An den Hochschulen und Universitäten dieser Republik lassen sich unglaublich viele Marketing-Spezialrichtungen studieren, doch wer in diesem Umfeld nach Vertrieb bzw. Sales sucht findet ein sehr überschaubares Angebot. Warum Verkauf noch immer als das „akademische Stiefkind“ in der Hochschullandschaft gesehen wird scheint zunächst einmal nicht plausibel. Darüberhinaus erfährt der Vertrieb auch in der Praxis nicht die Aufmerksamkeit und die Anerkennung, die ihm eigentlich gerecht wird. Ganz nüchtern betrachtet kostet Marketing Geld, der Vertrieb hingegen bringt Geld ein. Nach dieser einfachen logischen Betrachtung wird klar, dass Marketing sollte stets auf den Vertrieb ausgerichtet sein und nicht ungekehrt. In der unternehmerischer Praxis erfährt der Vertrieb nicht selten zuletzt von der neuen Marketingkampagne, dem Produktrelaunch oder dem neuen Internetauftritt.

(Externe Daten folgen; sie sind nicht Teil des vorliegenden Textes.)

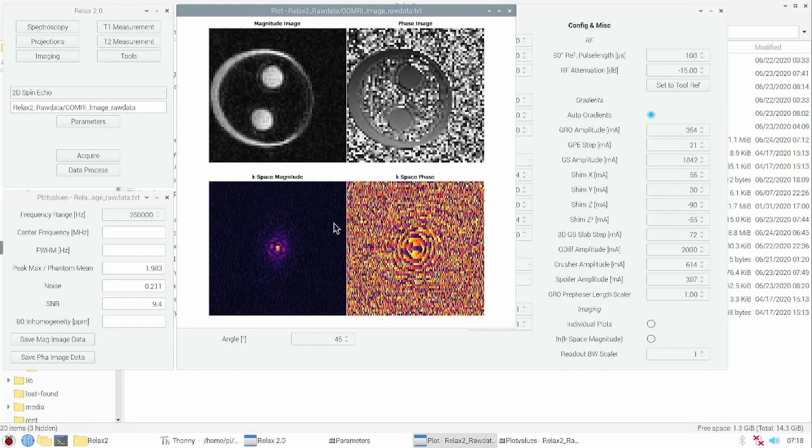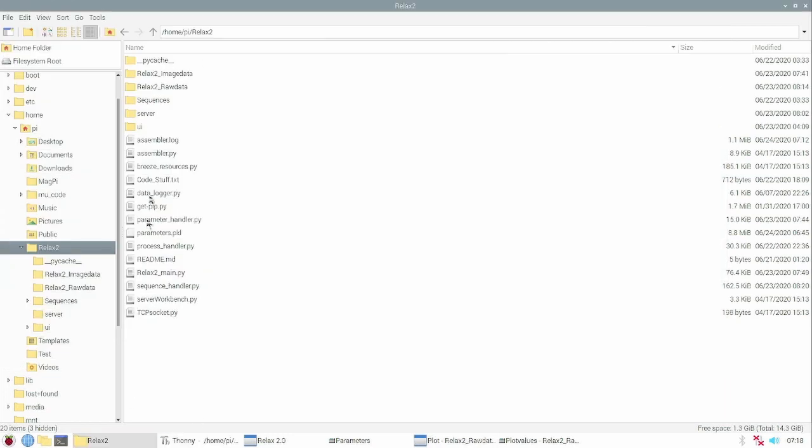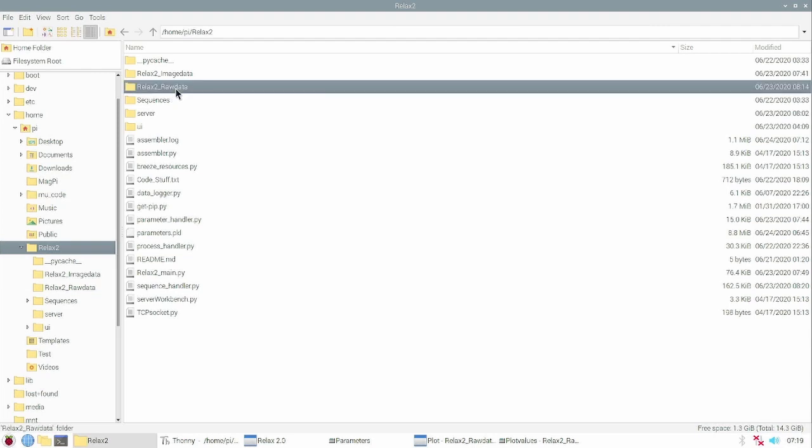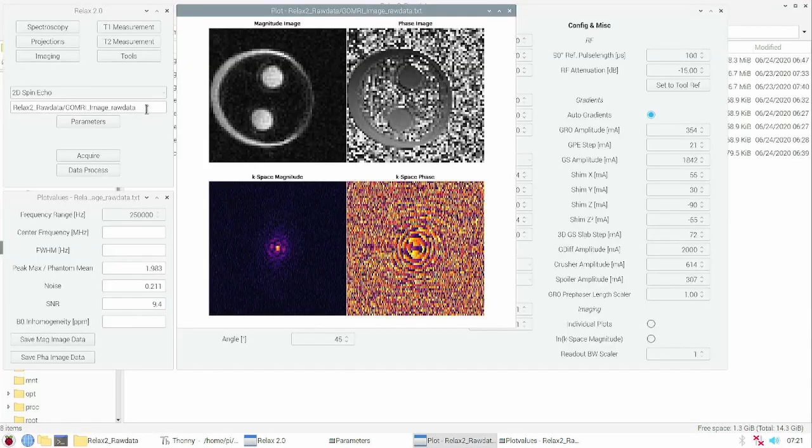The complex raw data gets stored every time you acquire, and by default the file gets overwritten every time. You can change the file name in the software or in the folder. You find the raw data in the relax2 raw data folder. This also enables the reconstruction of previous acquired data.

Das geschieht nach dem Motto: „So hier ist das fertige Ergebnis, jetzt verkauft es mal bitte…“ – „dafür haben wir ja einen Vertrieb“. Bitte wo bleibt da die Absatzorientierung? Was ist mit der Wertschätzung der verkäuferischen Leistung? Wenn die Marketingprofis von Universitäten kommen und in ihrem gesamten BWL-Studium noch nichts mit dem Thema Vertrieb zu tun hatten, wie sollen sie dann verstehen das der Vertrieb erst die Gelder erwirtschaften muss, die dann das Marketing ausgibt? Ein neues Selbstverständnis des Marketing, als Dienstleister des Vertriebs ist also ein wichtiger Baustein auf dem Weg zum optimal auf den Absatzmarkt ausgerichteten Unternehmen. Innovative Managementkonzepte, wie die Vertriebssprache stimmen daher das Marketing auf den Vertrieb ab und schaffen eine neues Marketing-Selbstverständnis.